### Directions:
Set down the lines below, exactly, starting at the one that contains "Silver Jeans Co" and stopping at the last line, inclusive. Omit pictures.

### Dataset excerpt:
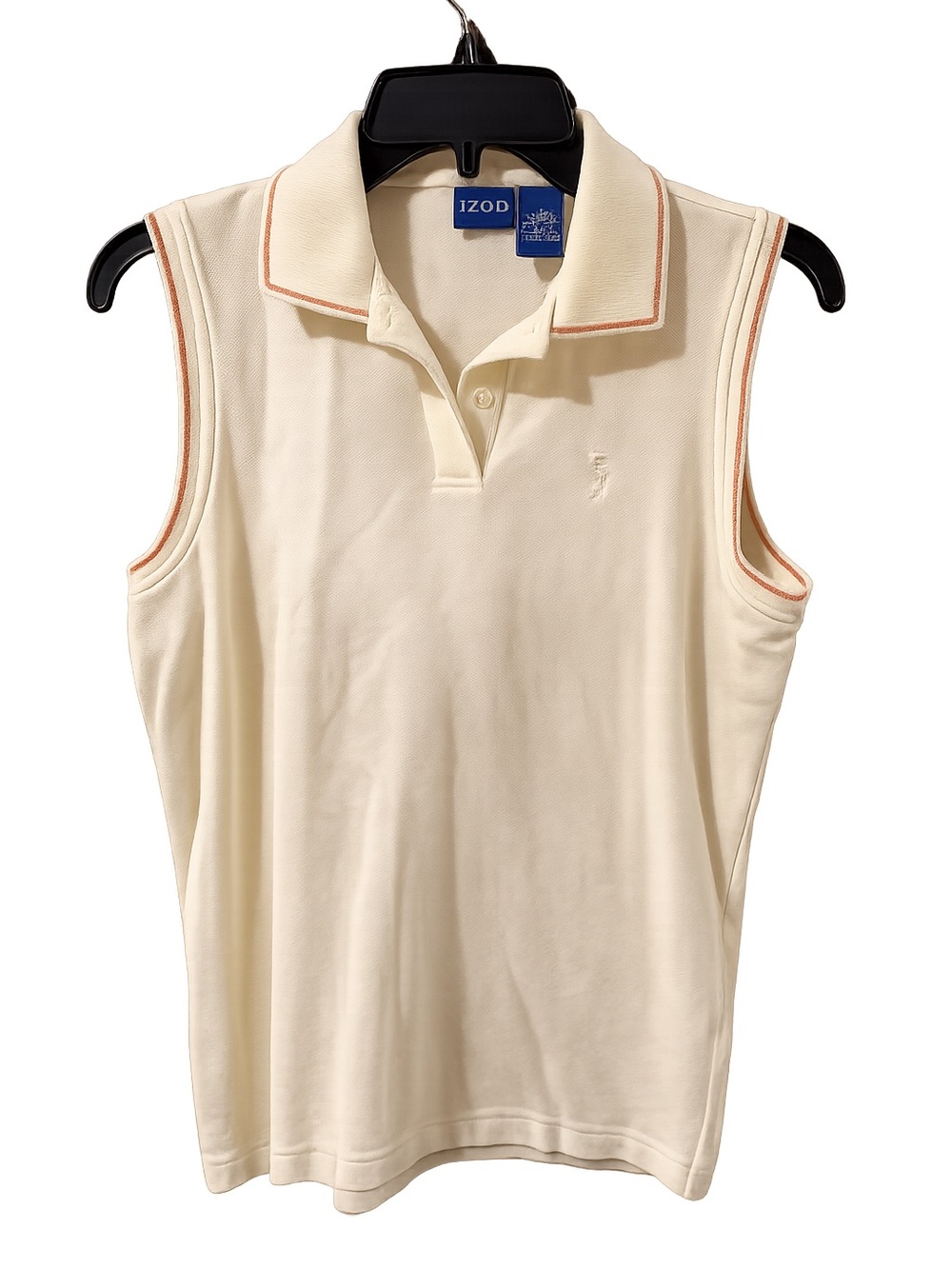 Izod White Ladies Polo Top with Blue Labels - Picture 2 of 4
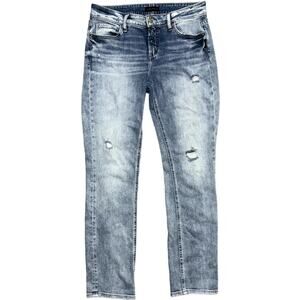 Silver Jeans Co Elyse Straight Light Wash Distressed Faded Size 29 x 29 Grunge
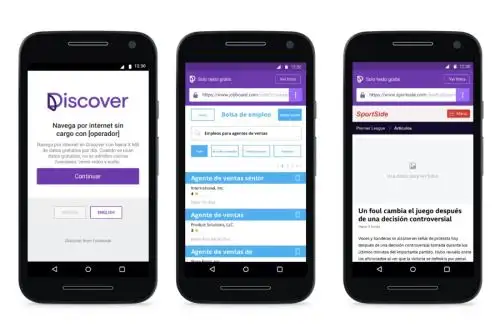 Discover admite solo tráfico con ancho de banda reducido al usar datos gratuitos.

### Final answer:
 Silver Jeans Co Elyse Straight Light Wash Distressed Faded Size 29 x 29 Grunge
 Discover admite solo tráfico con ancho de banda reducido al usar datos gratuitos.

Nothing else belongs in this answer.